Dataset records:
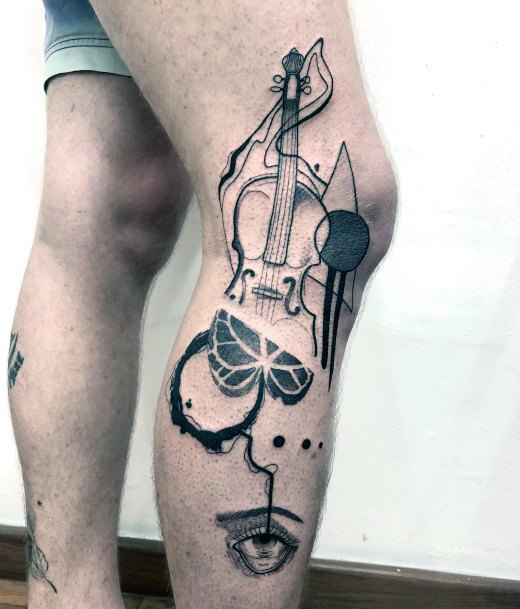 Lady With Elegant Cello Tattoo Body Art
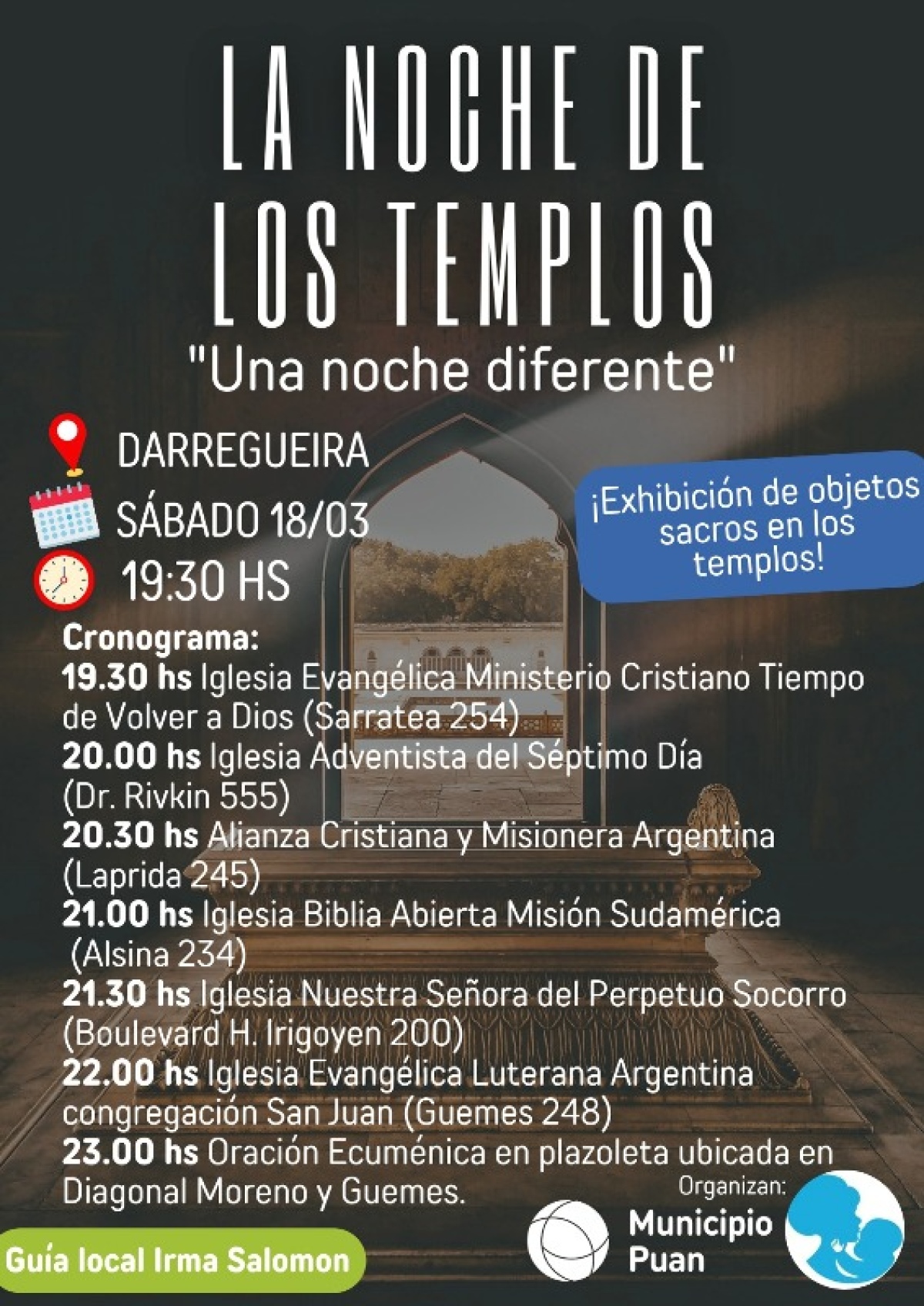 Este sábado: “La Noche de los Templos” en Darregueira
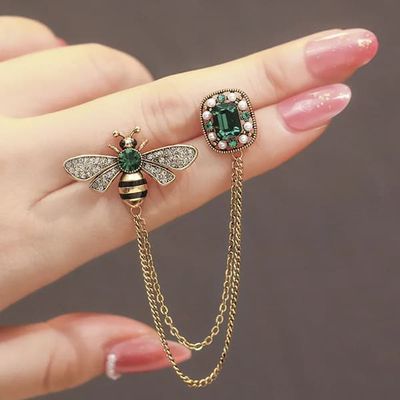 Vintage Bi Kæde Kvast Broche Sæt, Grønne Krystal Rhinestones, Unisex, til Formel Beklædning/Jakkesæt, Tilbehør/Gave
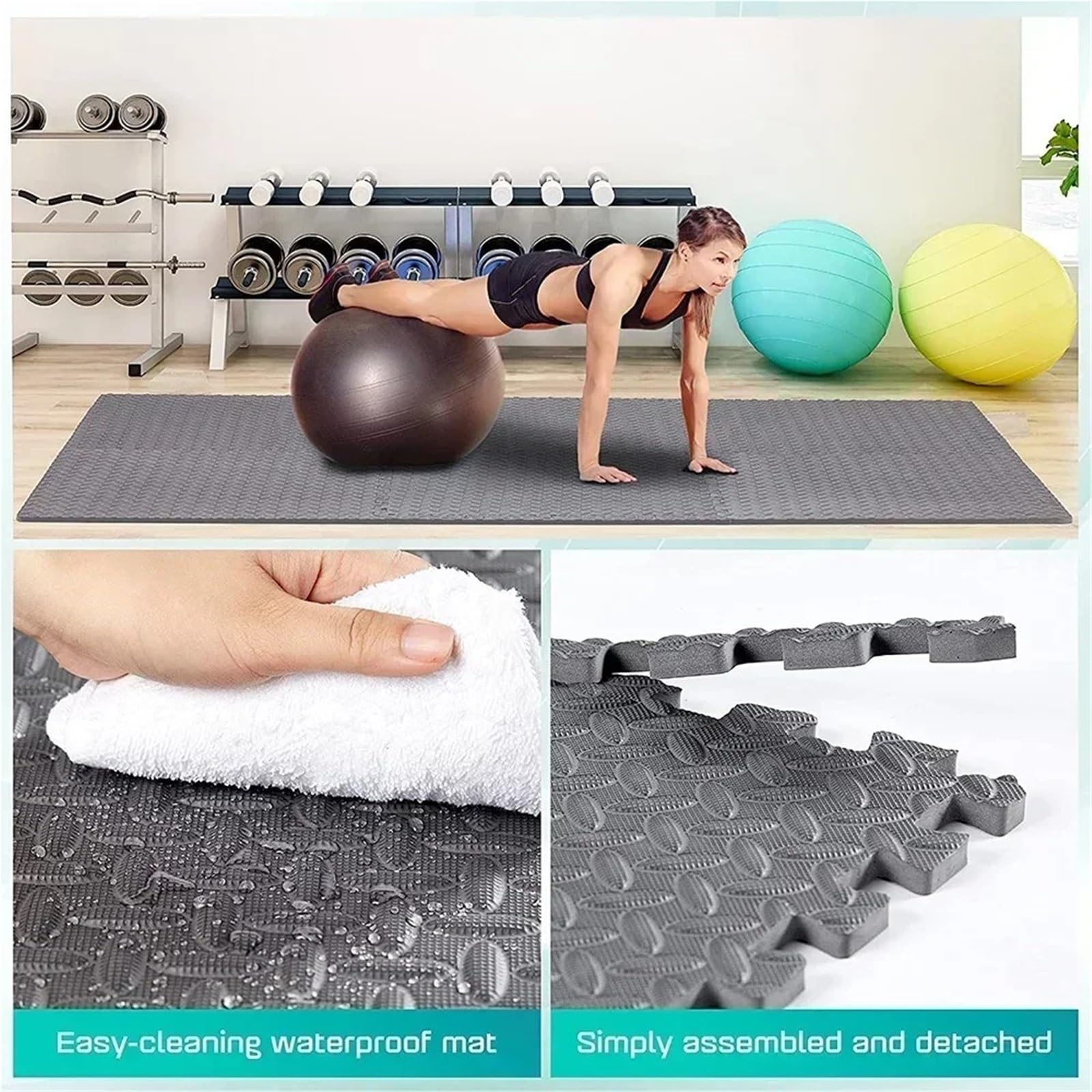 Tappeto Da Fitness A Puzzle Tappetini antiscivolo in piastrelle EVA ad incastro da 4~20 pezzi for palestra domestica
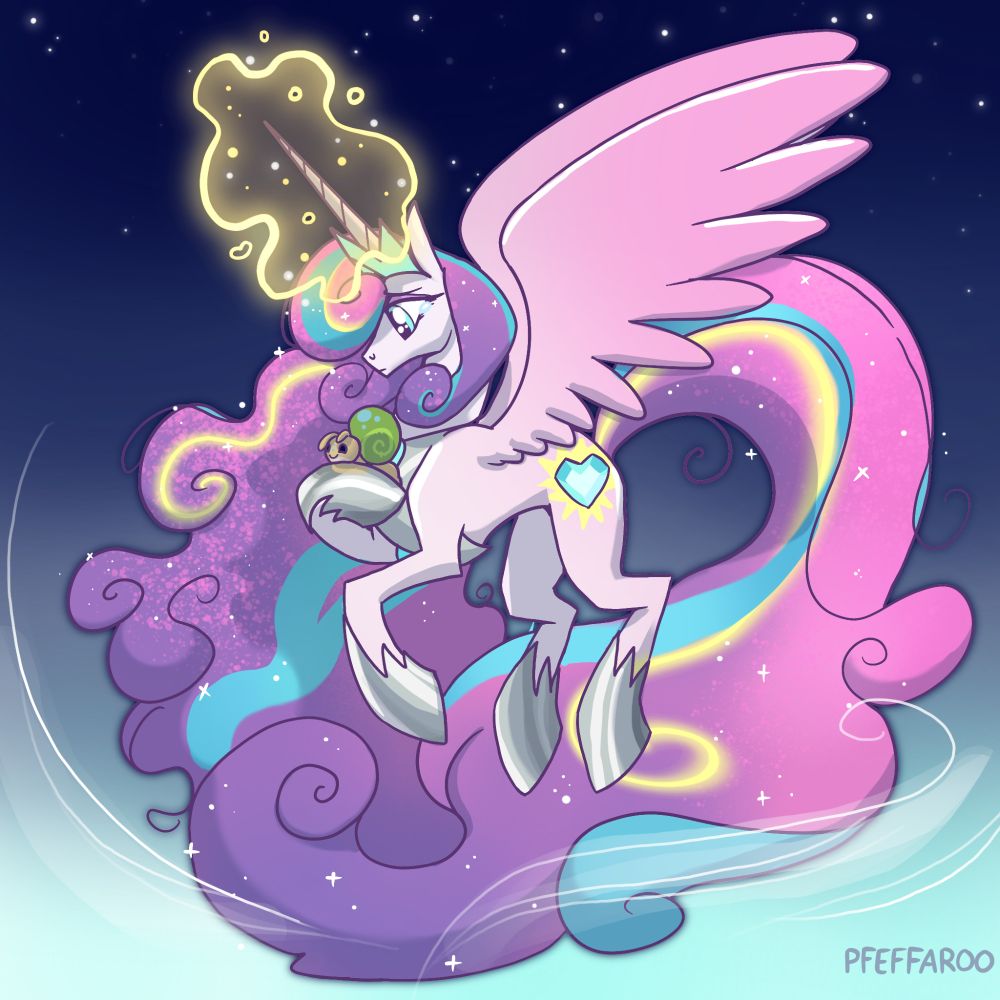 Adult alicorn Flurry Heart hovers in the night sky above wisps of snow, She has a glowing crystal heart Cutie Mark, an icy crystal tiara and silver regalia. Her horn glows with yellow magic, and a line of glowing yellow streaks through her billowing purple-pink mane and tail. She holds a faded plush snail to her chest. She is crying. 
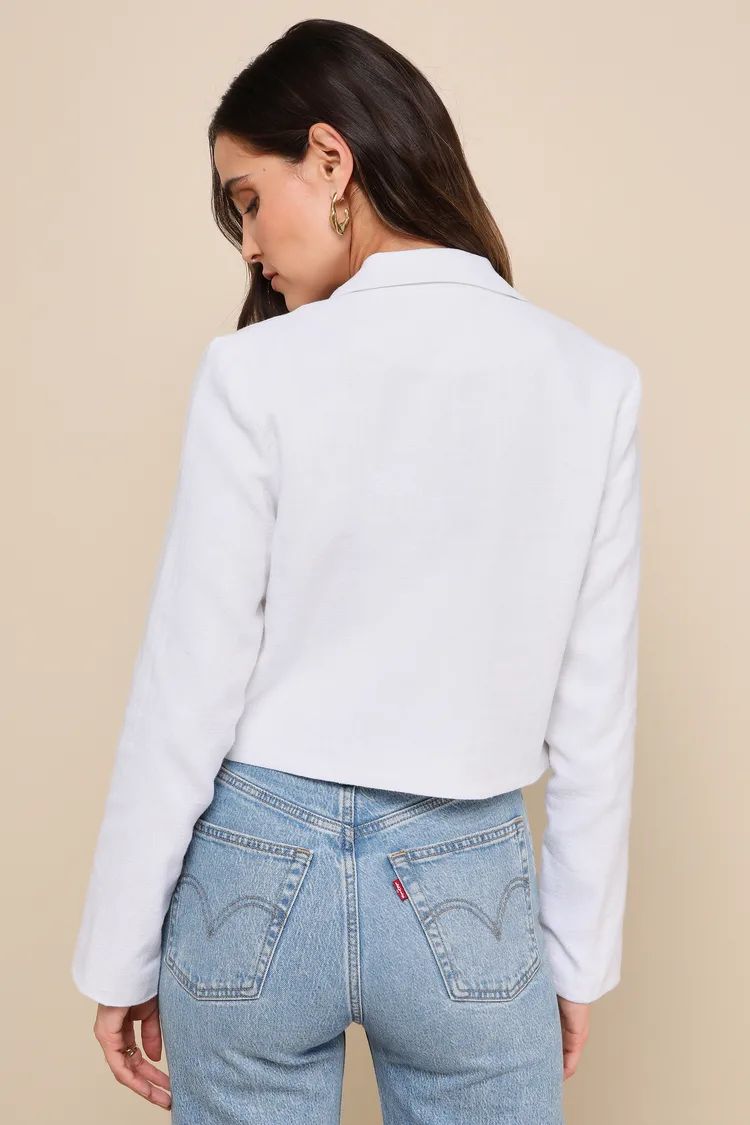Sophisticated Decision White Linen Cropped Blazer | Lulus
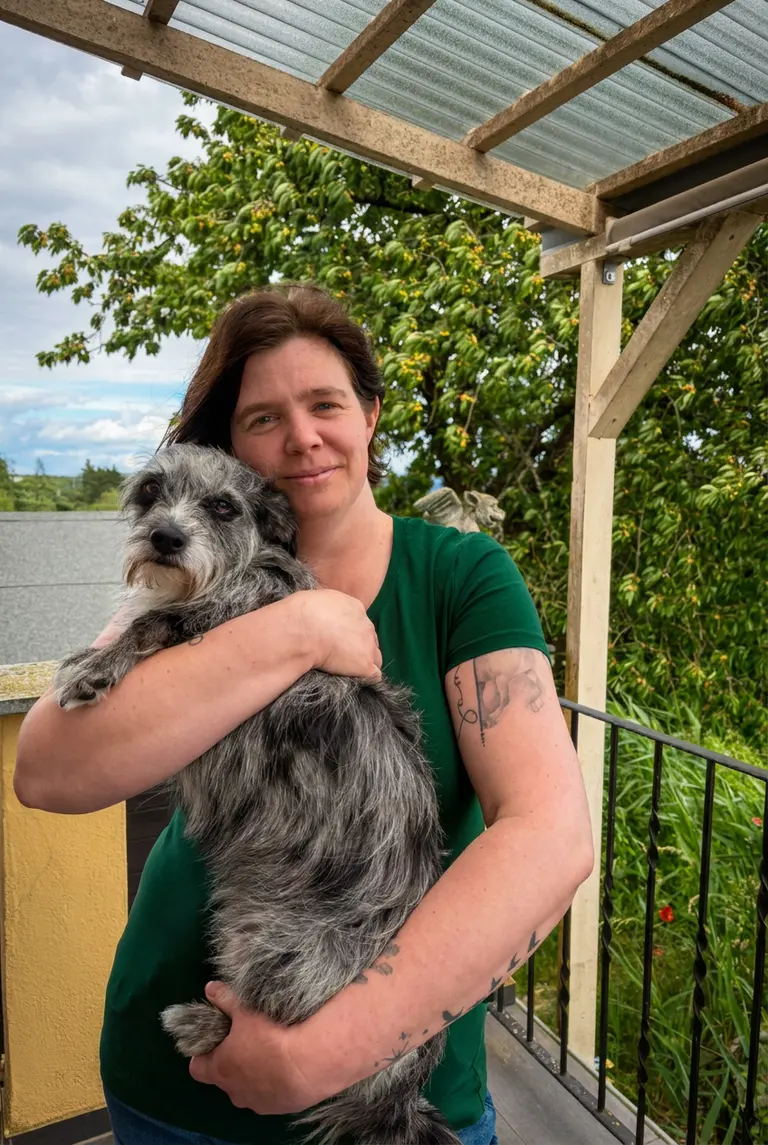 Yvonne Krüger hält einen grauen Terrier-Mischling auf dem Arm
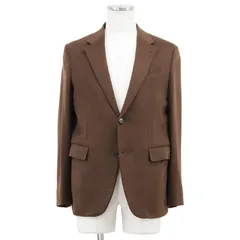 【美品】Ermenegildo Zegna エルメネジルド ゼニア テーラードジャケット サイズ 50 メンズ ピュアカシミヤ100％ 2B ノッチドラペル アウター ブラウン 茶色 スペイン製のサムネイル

EXERCISE OBJECTIVE:
An exact copy of the entries above is needed, with the pictures removed.

EXERCISE ANSWER:
 Lady With Elegant Cello Tattoo Body Art
 Este sábado: “La Noche de los Templos” en Darregueira
 Vintage Bi Kæde Kvast Broche Sæt, Grønne Krystal Rhinestones, Unisex, til Formel Beklædning/Jakkesæt, Tilbehør/Gave
 Tappeto Da Fitness A Puzzle Tappetini antiscivolo in piastrelle EVA ad incastro da 4~20 pezzi for palestra domestica
 Adult alicorn Flurry Heart hovers in the night sky above wisps of snow, She has a glowing crystal heart Cutie Mark, an icy crystal tiara and silver regalia. Her horn glows with yellow magic, and a line of glowing yellow streaks through her billowing purple-pink mane and tail. She holds a faded plush snail to her chest. She is crying. 
Sophisticated Decision White Linen Cropped Blazer | Lulus
 Yvonne Krüger hält einen grauen Terrier-Mischling auf dem Arm
 【美品】Ermenegildo Zegna エルメネジルド ゼニア テーラードジャケット サイズ 50 メンズ ピュアカシミヤ100％ 2B ノッチドラペル アウター ブラウン 茶色 スペイン製のサムネイル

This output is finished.